Est-ce que l'ALENA et la qualification actuelle de l'eau posent des dangers à long terme? Je crois savoir que ce n'est pas une marchandise, ou que l'eau ne sera pas vendue comme une marchandise, mais elle est en fait vendue à l'heure actuelle lorsqu'elle est mise en bouteille, etc. N'y a-t-il pas une sorte de danger à long terme pour ce qui est des eaux du Canada, et pas seulement celles des Grands Lacs?
M. Peter Fawcett: Il est difficile de répondre à une question qui porte sur les effets à long terme, mais permettez-moi de mentionner quelques éléments.
Tout d'abord, la question de la transformation de l'eau en marchandise est très controversée et je pense que les meilleurs avis juridiques que nous avons obtenus ont été incorporés dans nos modifications à la Loi du Traité des eaux limitrophes internationales de façon à traiter l'eau comme une ressource.
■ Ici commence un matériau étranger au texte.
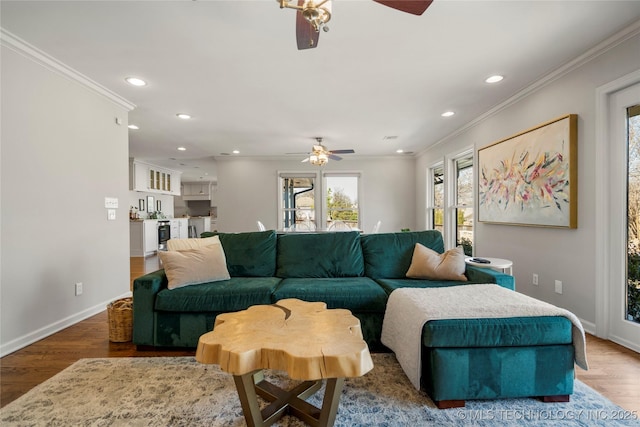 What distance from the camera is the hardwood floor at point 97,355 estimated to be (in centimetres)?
175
Tant que vous gérez l'eau comme une ressource, ce n'est pas une marchandise. Par contre, lorsqu'on commence à la mettre en bouteille, elle devient une marchandise et elle est assujettie à nos obligations commerciales internationales. C'est pourquoi je pense que nous avons choisi la bonne méthode en décidant de gérer l'eau dans son bassin, de la gérer comme une ressource.
Il y a déjà eu un certain nombre de projets, qui nous inquiètent toujours, quand ils font surface, qui envisagent des déviations d'eau sur de longues distances. Si les sources d'eau se raréfient, ces idées reviendront. J'ai examiné des décisions récentes qui concernent un certain nombre de projets. Le transport d'eau sur de longues distances coûte très cher. Un mètre cube d'eau pèse une tonne, il faut donc soit un projet comportant une infrastructure très importante, soit disposer d'un moyen de transport très bon marché pour être en mesure de déplacer un tel volume d'eau. Mais qui sait? Les aspects économiques peuvent évoluer, et il faut toujours demeurer vigilant pour protéger et conserver nos ressources en eau.
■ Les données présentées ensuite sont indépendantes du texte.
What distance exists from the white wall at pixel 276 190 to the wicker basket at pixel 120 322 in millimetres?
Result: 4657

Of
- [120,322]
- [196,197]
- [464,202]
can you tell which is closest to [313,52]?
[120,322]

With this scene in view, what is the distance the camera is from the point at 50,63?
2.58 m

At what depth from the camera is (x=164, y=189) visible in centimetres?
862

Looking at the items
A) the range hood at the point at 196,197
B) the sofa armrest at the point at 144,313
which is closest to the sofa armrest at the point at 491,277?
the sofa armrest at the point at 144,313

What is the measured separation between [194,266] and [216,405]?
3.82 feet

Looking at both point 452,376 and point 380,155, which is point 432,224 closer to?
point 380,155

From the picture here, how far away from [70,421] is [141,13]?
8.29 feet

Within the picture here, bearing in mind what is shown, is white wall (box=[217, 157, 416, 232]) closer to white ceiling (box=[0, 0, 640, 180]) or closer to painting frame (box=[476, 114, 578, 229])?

M. William Crosbie: Permettez-moi de préciser une chose. Nous ne pensons pas que l'ALENA risque de nous empêcher de réglementer l'eau au Canada sous sa forme naturelle, l'eau en vrac. Nous ne pensons pas que cet accord impose des obligations au Canada, que ce soit maintenant ou plus tard, et qu'il susciterait un conflit entre notre utilisation de cette eau et la réglementation des ressources en eau.
M. Brian Jean: Merci.
Le président: Merci, monsieur Jean.
Madame Ratansi.
Mme Yasmin Ratansi (Don Valley-Est, Lib.): Merci d'être venus.
Je sais que toutes ces discussions qui tournent en rond m'ont fait tourner la tête et bien sûr, maintenant que j'ai vu le film H2O, ma tête tourne encore plus. Cela soulève des préoccupations et même des craintes de savoir ce qui pourrait arriver. L'eau est un bien tellement important. Nous l'avons depuis si longtemps.
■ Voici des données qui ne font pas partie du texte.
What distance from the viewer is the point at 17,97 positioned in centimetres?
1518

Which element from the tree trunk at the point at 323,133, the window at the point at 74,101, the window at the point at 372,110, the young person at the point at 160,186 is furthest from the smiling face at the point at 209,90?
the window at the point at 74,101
Cette entente soulève des questions complexes. Y a-t-il des spécialistes qui pensent que ce pacte vise à contourner le Traité des eaux limitrophes? Si c'est le cas, que pouvons-nous faire? Quelles sont les dispositions de l'entente qui obligeront toutes les parties à respecter le traité? Quelles mesures pourrons-nous prendre pour le faire respecter? Peut-être que vous n'avez pas les réponses; peut-être qu'il faudrait les poser au ministère de la Justice, et peut-être à la CMI, mais donnez-moi une brève idée de ce que vous pensez à ce sujet et nous pourrons ensuite demander à la CMI ce qu'il faut faire.
À (1035)
M. William Crosbie: Et bien, nous avons abordé cette question un peu plus tôt et mentionné que le gouvernement des États-Unis avait présenté des commentaires et des modifications grâce auxquelles le pacte ne pourrait pas empiéter sur les dispositions du Traité des eaux limitrophes ni aller à l'encontre de ses dispositions.
À l'heure actuelle, le gouvernement du Canada prépare des commentaires, et il est évident qu'un de nos objectifs est de veiller à ce qu'aucune de ces ententes ne puisse porter atteinte au Traité des eaux limitrophes, ni aux obligations qui incombent aux deux gouvernements.
Mme Yasmin Ratansi: Il va donc falloir attendre ces réponses.
M. William Crosbie: Nous avons demandé des avis juridiques. Des avocats du ministère de la Justice et du ministère des Affaires étrangères sont en train de préparer ces avis juridiques.
Mme Yasmin Ratansi: C'est donc une question de confiance et de la confiance que nous plaçons dans les mécanismes d'exécution de cette entente.
Mme Karen Brown: Il me semble important de mentionner que le pacte est un projet qui a été publié en vue de faciliter la consultation de la population. Les gouverneurs des Grands Lacs reçoivent de nombreux commentaires, comme vous pouvez vous en douter, en plus de ceux que leur a envoyés le Département d'État des États-Unis. Nous sommes convaincus que ces ententes seront modifiées, de sorte que nous ne savons pas très bien quel sera le texte des versions révisées, comment ces questions seront réglées--il est évident qu'ils doivent tenir compte de l'opinion du Département d'État--et comment ils règleront les autres difficultés qui ont été soulevées.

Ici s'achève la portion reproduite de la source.